== Segment start ==
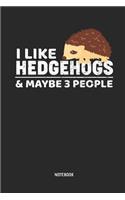 I Like Hedgehogs & Maybe 3 People Notebook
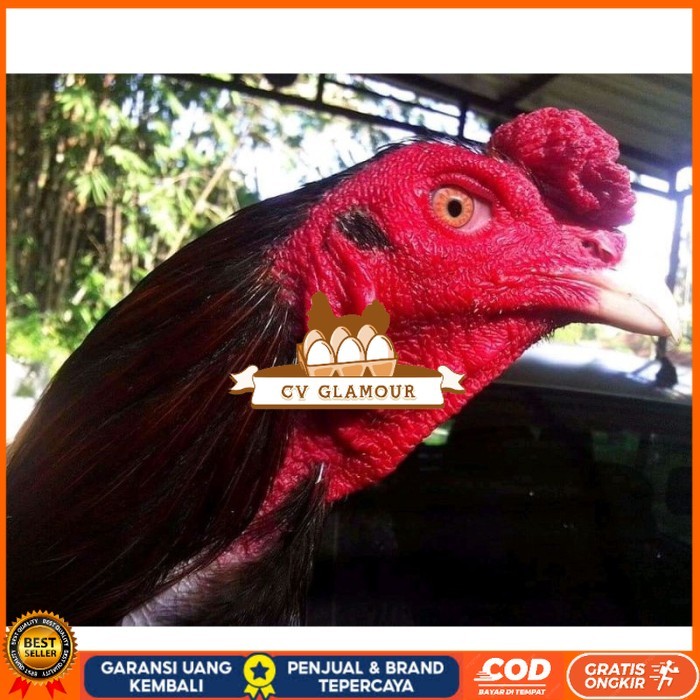 

Telur ayam bangkok ekor lidi terbaru terlaris CV GLAMOUR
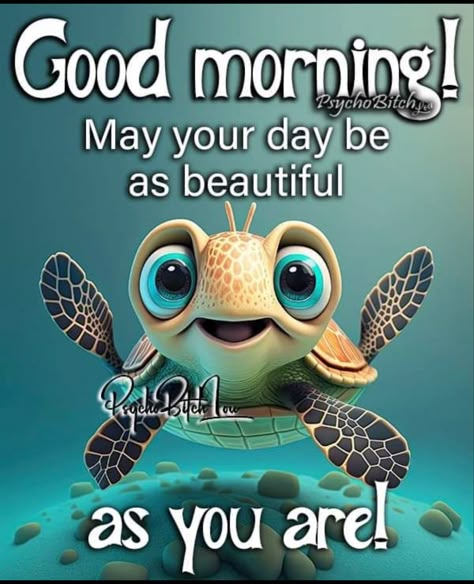 Good Morning Turtle, Simple Good Morning Texts, Simple Good Morning Texts For Him, Simple Good Morning, Good Morning Texts For Him, Morning Texts For Him, Turtle Images, Happy Day Quotes, Funny Day Quotes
== Segment end ==
The whole listing, pictures excluded, should be output exactly.

* EXERCISE RESPONSE
 I Like Hedgehogs & Maybe 3 People Notebook

Telur ayam bangkok ekor lidi terbaru terlaris CV GLAMOUR
 Good Morning Turtle, Simple Good Morning Texts, Simple Good Morning Texts For Him, Simple Good Morning, Good Morning Texts For Him, Morning Texts For Him, Turtle Images, Happy Day Quotes, Funny Day Quotes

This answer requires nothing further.